Dalam (etika) tataran teori, semua ajaran memang saling memiliki kelebihan dan kekurangan masing-masing. Akhirnya tergantung man behind the gun. Bagaimana seni kita mengintegrasikan, improvisasi, menambahi dan lain-lain dengan mencermati kondisi lingkungan.

Bencana Geopolitik

Muncul retorika terkait anggapan awam perihal geopolitik (bila merujuk ajaran Kent dan Platt): “Bukankah mapping SDA hanya bagian dari elemen geografi saja?”. Berbicara geopolitik memang tidak sekedar membahas faktor SDA melulu. Itu cuma bagian kecil. Runtuhnya Uni Soviet misalnya, apakah akibat faktor SDA? Tentu tidak. Kehancuran Soviet lebih kepada lupa bahkan abai (geopolitik) khususnya elemen tradisi (kultur) dan politik. Bagaimana mungkin, bangsa yang biasa tertutup dan nyaman atas (kondisi) kediktatoran tiba-tiba dibuka lebar-lebar soal demokrasi, transparansi, dll? Ini perlu dipahami bersama.

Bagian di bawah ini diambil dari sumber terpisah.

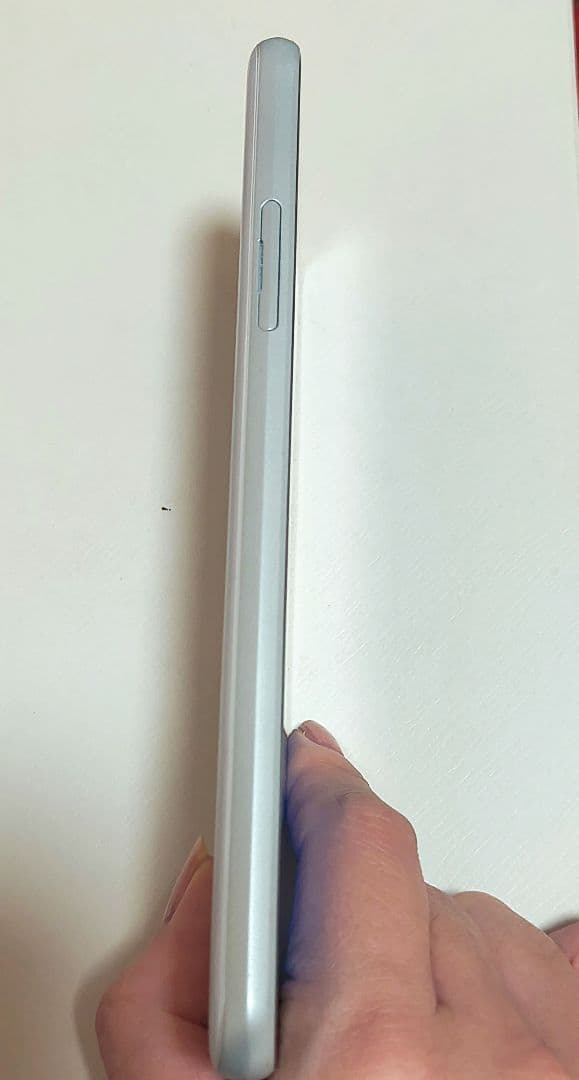 AQUOS sense3 plus スマートフォン ホワイト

Sekali lagi, geopolitik itu tak hanya berkisar soal SDA belaka. Tatkala elemen budaya,  transportasi, komunikasi dan lainnya dilupakan atau dinihilkan oleh suatu pemerintahan serta berujung penjualan (privatisasi) aset-aset bangsa kepada asing, atau katakanlah manakala prosentase kepemilikan elemen (grata) geopolitik, baik SDA (geografi)-nya, komunikasi, maupun transportasi, dll oleh (dikuasai) asing telah mencapai di atas 60% bahkan 100%, bukankah itu ujud “bencana geopolitik” bagi bangsa tersebut?

Pertanyaannya adalah: “Bagaimana praktek dan implementasi geopolitik selama ini di republik tercinta ini?” Silahkan saudara-saudara menelaah dan menyimpulkan sendiri.